Conference rusure::math

    Try looking at note 485 (especially .5 and .6).  What exactly do
    you mean by an "integer square root"?  Does it mean "the integer
    that, when squared, is closest to the original value"?
    
    Interested in a PDP-10 MACRO version of an integer square root which
    uses a binary adaptation of the old-fashioned grade school method?
    

    It looks like your method is proportional to the size of the number.
    If you trim off leading zeroes, the old fashioned way is proportional
    to the number of digits in the number, which is roughly proportional
    to the log of the number.  If you don't trim leading zeroes, then
    the old-fashioned way is just proportional to the word length.
    

In response to .1 and .2:

  Regarding the definition:  It seems that both Hemenway's and my
algorithm produce the smallest positive integer >= sqrt( x ).  The
'jump points' ( where the function output changes from n to n+1 ) occur when
the domain value changes from a_perfect_square to a_perfect_square+1.

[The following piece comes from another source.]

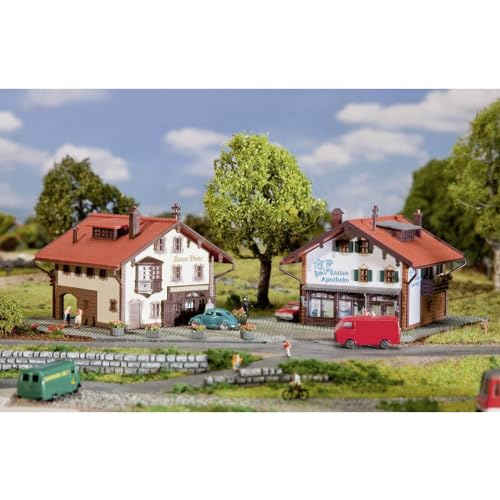 FALLER Apotheke und Bäckerei Modellbausatz mit 117 Einzelteilen 80 x 70 x 60 mm (2 x) I Modelleisenbahn Zubehör N I Modelleisenbahn N Ländliche Häuser von FALLER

( e.g. sqr3( 25 ) = 5, sqr3( 26 ) = 6 )

If there are methods that produce 'smallest positive integer <= sqrt( x )'
or 'closest integer to sqrt( x )' that run faster, I'm interested.

  On the PDP-10 macro routine: sure, let's put it in.  Is it already in
a file somewhere ?  I may need an interpretation though; I don't know the
instruction set of the PDP-10.

  I was aware that there are faster algorithms; for example, scanning down
from the MSB two bits at a time until you find a non-zero bit is a good
way to determine the MSB of the square root:

bit_position( MSB( sqrt( X ) ) ) ~= bit_position( MSB( X ) ) div 2.

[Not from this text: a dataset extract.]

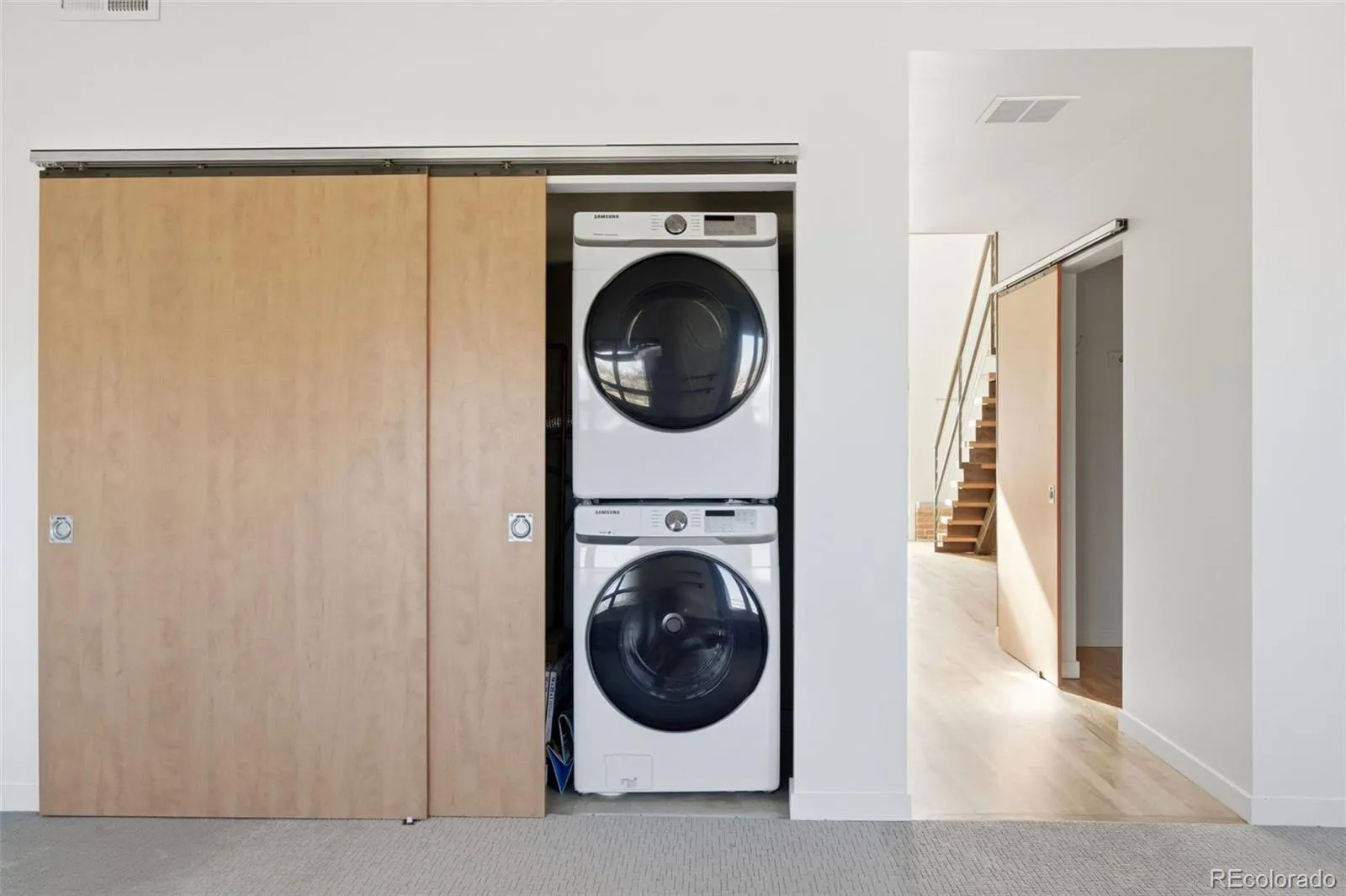 04012026151038 1600 12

From there, I suppose that I could use a table to look up the odd integer
to start subtracting with.  I didn't bother trying to do that in 
the program in .0 because I couldn't think of a real neat way to write
an efficient bit_position function in Pascal ( I guess the scanning technique
IS sort of taking a rough logarithm; well how about a real fast integer LOG
fcn ?)

  Hmmm.  I think that even if you don't chop leading zeroes, the time
complexity is on the order of sqrt( x ).  You effectively count up to
the square root by fixed increments.  Is this what you mean by
proportional to the word length ?

  Since the expanded recurrence version ( sqr3 ) does not work as well
as sqr1 for small numbers, I would like to find a way to improve it
without hacking up the code with a lot of special case tests.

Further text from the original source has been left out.